→ **What is expected**
Nothing but an exact repeat of the data, with pictures removed, belongs in the answer.

→ **Dataset content**
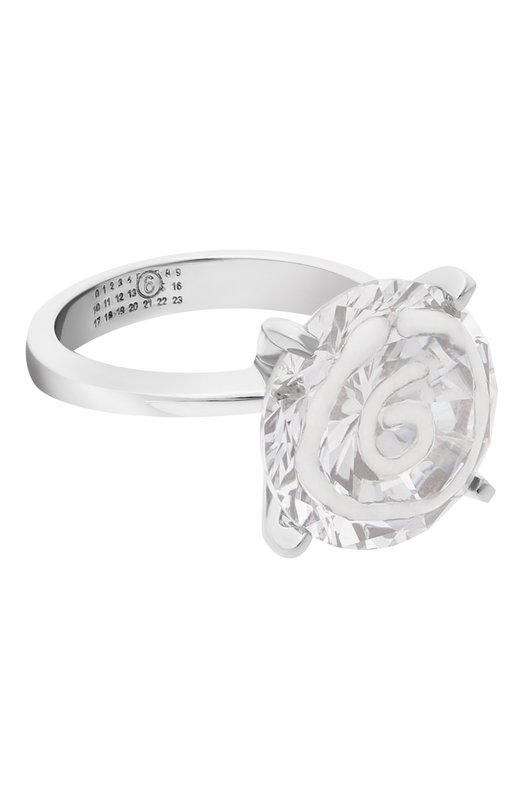 Кольцо MM6 SM7UQ0087 P8372 Серебряный SM7UQ0087 P8372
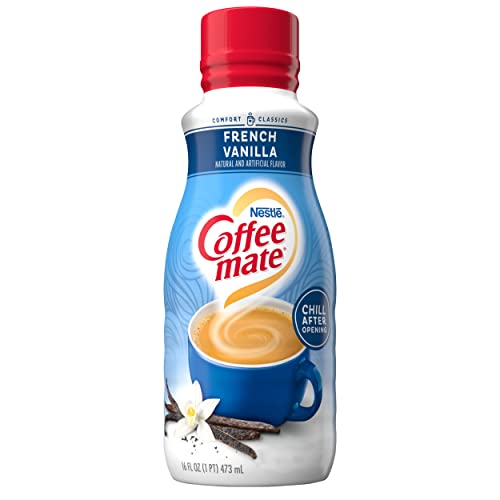 Nestle Coffee Mate French Vanilla Coffee Creamer Liquid For Warm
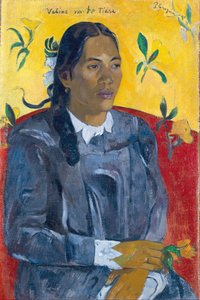 Vahine No Te Tiare (Frau mit einer Blume) von Paul Gauguin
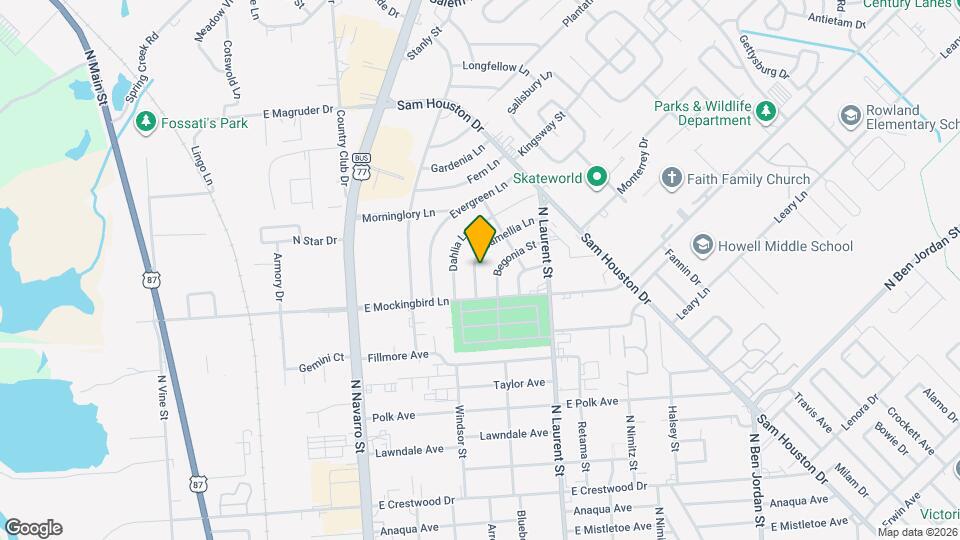 4612 Camellia Ln Map and Location Details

→ **Solution for this problem**
 Кольцо MM6 SM7UQ0087 P8372 Серебряный SM7UQ0087 P8372
 Nestle Coffee Mate French Vanilla Coffee Creamer Liquid For Warm
 Vahine No Te Tiare (Frau mit einer Blume) von Paul Gauguin
 4612 Camellia Ln Map and Location Details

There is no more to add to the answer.